Like many Tulsa bands with residencies, The Soup is a collective of musicians who could front their own outfit (and often do). Music writer Becky Carman checked in on their latest Sunday night show at Mercury Lounge.

A seven-man band poses for a promotional photo.
Provided|

The Soup plays Sunday nights at Mercury Lounge.

Is it too on the nose to liken Soup (as it’s billed on social media)—the erstwhile Dane Arnold and the Soup, Dane and the Soup, Soup Kitchen, etc.—to the allegorical stone stoup? In “Stone Soup” the folktale, hungry travelers convince villagers to each contribute a little something to the greater, soupier good.
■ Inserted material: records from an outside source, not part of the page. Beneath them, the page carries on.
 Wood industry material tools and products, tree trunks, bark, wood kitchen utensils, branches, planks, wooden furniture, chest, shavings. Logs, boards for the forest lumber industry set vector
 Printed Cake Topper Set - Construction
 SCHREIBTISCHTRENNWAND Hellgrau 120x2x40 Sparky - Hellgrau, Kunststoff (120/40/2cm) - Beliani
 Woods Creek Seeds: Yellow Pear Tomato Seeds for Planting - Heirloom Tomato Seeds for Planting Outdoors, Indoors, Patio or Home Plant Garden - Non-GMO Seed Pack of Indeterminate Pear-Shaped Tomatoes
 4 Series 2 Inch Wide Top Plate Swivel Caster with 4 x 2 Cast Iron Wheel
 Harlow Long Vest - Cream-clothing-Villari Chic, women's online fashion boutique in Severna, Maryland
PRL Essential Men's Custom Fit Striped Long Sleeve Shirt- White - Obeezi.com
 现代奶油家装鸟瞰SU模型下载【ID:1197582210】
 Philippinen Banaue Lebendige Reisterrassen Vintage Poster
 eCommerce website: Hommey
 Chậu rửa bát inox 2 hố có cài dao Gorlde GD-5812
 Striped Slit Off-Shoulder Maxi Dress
In Soup the band, the same principle applies.

Helmed by songwriter and vocalist Dane Arnold, Soup’s ingredients on the most recent Sunday night of its Mercury Lounge residency included cabbage (Greg Fallis, Bishop Marsh, and Jordan Hehl of King Cabbage Brass Band and multiple other projects), straggler (Jake Lynn and Andrew Bair of Jason Boland and the Stragglers and more), and brunch (guitarist Johnny Mullenax, who hosts Mercury’s noon Bluegrass Brunch show every Sunday). 

Like so many of Tulsa’s residencies, it’s a collective of people who could front their own project (and often do) orbiting around a centerpiece, in this case the gentle songwriting and stellar vocals of Dane Arnold. Soulful singing spans genre: it’s a very easy thing to emulate and a very difficult thing to actually do. Arnold’s control and restraint were pitch-perfect all night; he is a tonally excellent singer. Likewise, the entire performance gave the sense of a stage packed full of people cautiously suppressing their individual virtuosity because the songs they’ve written and elected to cover don’t require constant displays of it.

Still, an eight-person band in a bar necessarily lacks the sparsity evident on Soup’s records—search “Dane & the Soup” if you’re hoping to stream—and the retro vibe this band can capture in a studio or a quiet room felt markedly different here, more like a band with a soul singer versus a soul band. Instrumentally, everyone onstage was stellar in their own right, and it was especially fun to watch Mullenax stretch his guitar legs, from quiet, rhythmic leads here to stressful, circus-y solos there. 

Sunday’s Soup also came with a side of grits. Early in the night, Arnold sang a cover of Tulsa band Poppa Foster and the Grits’ “Lemonade.” Then, Christopher “Poppa” Foster himself joined onstage for a few of his own songs. (Soup and the Grits are sort of neighboring bands, with overlap in several members.) The band finished its first 45-minute set with another Poppa Foster song (the fourth, by my count), “Don’t Call me Crazy.” After a brief break, Soup returned for set two with the Bee Gees’ “To Love Somebody.” Tackling the vocals of a song written for siblings to sing together is bold, and Arnold and Hehl were up to the challenge. Drummer Jake Lynn took a turn in the spotlight singing lead on “Dressed in White,” a crowd-pleasing cover of the Malcolm Holcombe song maybe best known locally because of Jared Tyler’s rendition.

During the show, a woman I have never met approached me, drawn from across the room by my naturally dour expression and visible note-taking on my phone. She encouraged me to join in her dancing—or at least waving my hand to the beat—because the band deserved it. I agree that they deserved it and negotiated her down to head bobbing. When the Soup’s on, even in the audience, it takes a village.